Turn a float into a value between 0 and 1 (inclusive)?

Biotronic simen.kjaras at gmail.com
Tue Nov 21 11:59:59 UTC 2017


On Tuesday, 21 November 2017 at 09:21:29 UTC, Chirs Forest wrote:
> I'm interpolating some values and I need to make an 
> (elapsed_time/duration) value a float between 0 and 1 
> (inclusive of 0 and 1). The elapsed_time might be more than the 
> duration, and in some cases might be 0 or less. What's the most 
> efficient way to cap out of bounds values to 0 and 1? I can do 
> a check and cap them manually, but if I'm doing a lot of these 
> operations I'd like to pick the least resource intensive way.

Good old comparisons should be plenty in this case:

T clamp(T)(T value, T min, T max) {
     return value < min ? min : value > max ? max : value;
}

That's two comparisons and two conditional moves.

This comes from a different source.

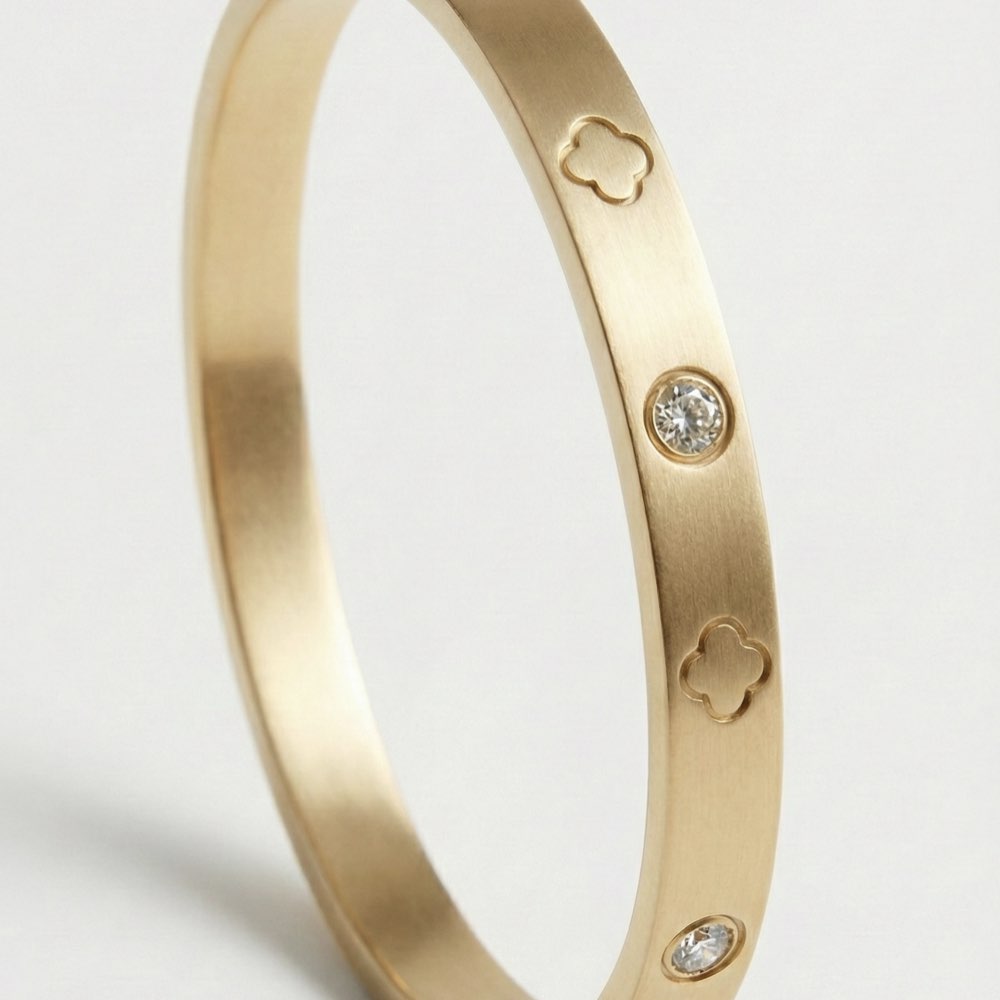 Elia Bangle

You're not 
gonna beat that.

> Also, if I wanted out of bounds values to wrap (2.5 becomes 
> 0.5) how would I get that value and also have 1.0 not give me 
> 0.0?

As Petar points out, this is somewhat problematic. You think of 
the codomain (set of possible results) as being the size (1.0 - 
0.0) = 1.0. However, since you include 1.0 in the set, the size 
is actually 1.0 + ε, which is very slightly larger. You could use 
a slightly modified version of Petar's function:

T zeroToOne(T)(T val) { return val % (1+T.epsilon); }

However, this induces rounding errors on larger numbers. e.g. 1.0 
+ ε becomes 0, while you'd want it to be ε.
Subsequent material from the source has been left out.